EXERCISE OBJECTIVE: Once the line holding "户外男童运动长裤儿童工装裤子" is found, output it and all remaining lines of the data exactly, with every picture left out.

INPUT DATA:
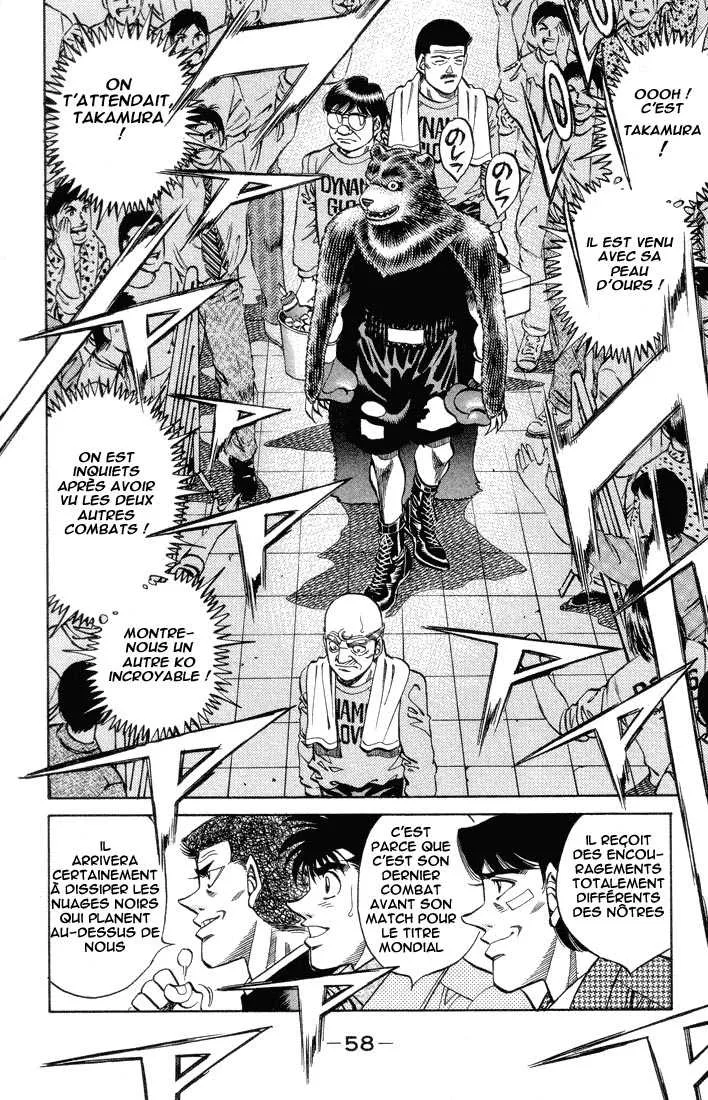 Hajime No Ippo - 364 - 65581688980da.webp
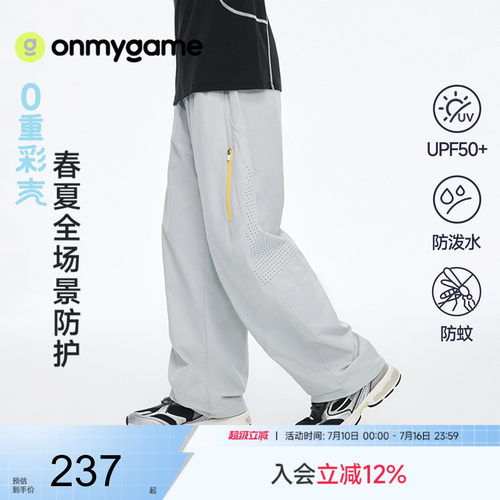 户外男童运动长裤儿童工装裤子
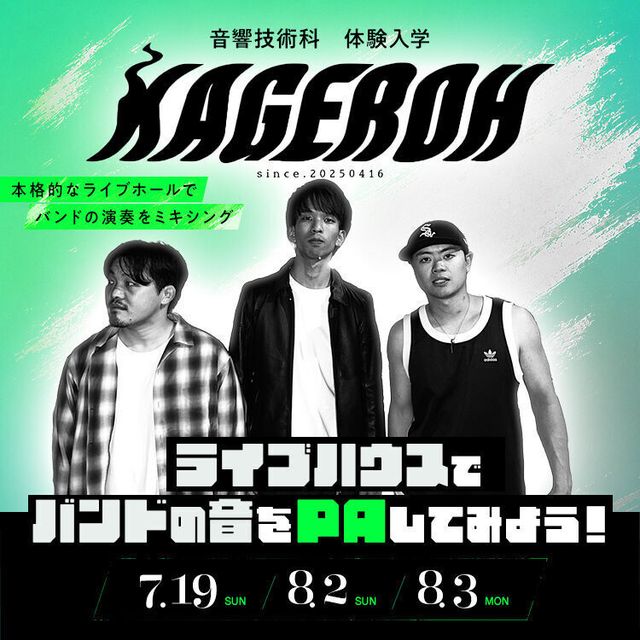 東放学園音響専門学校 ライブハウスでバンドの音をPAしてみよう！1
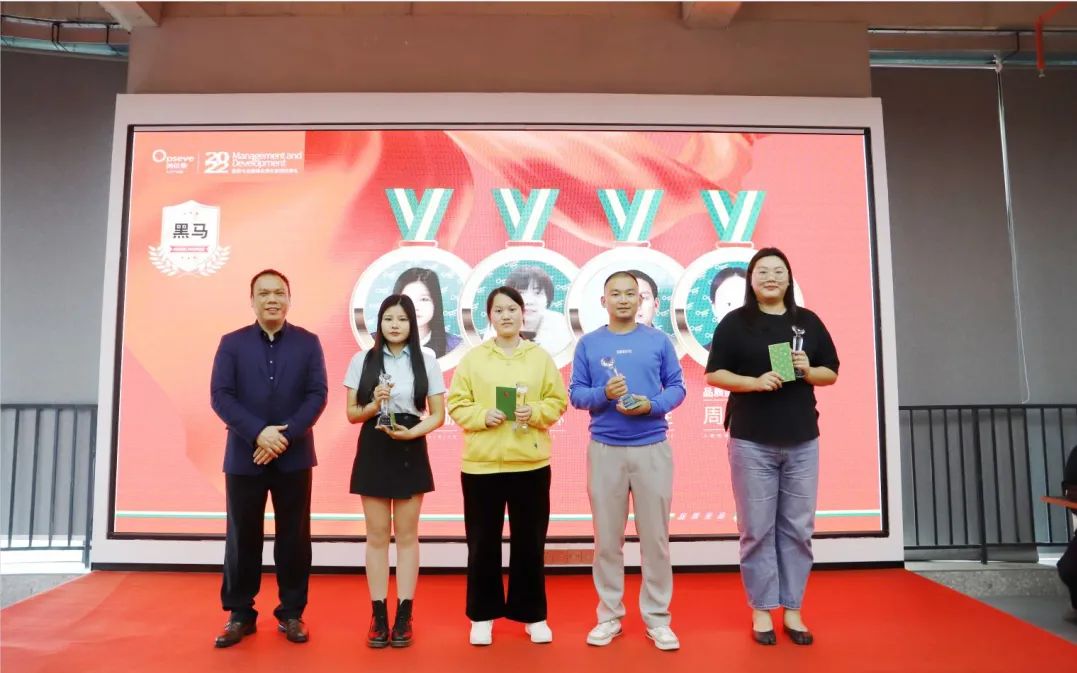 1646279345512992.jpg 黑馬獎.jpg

ANSWER TO THIS EXERCISE:
 户外男童运动长裤儿童工装裤子
 東放学園音響専門学校 ライブハウスでバンドの音をPAしてみよう！1
 1646279345512992.jpg 黑馬獎.jpg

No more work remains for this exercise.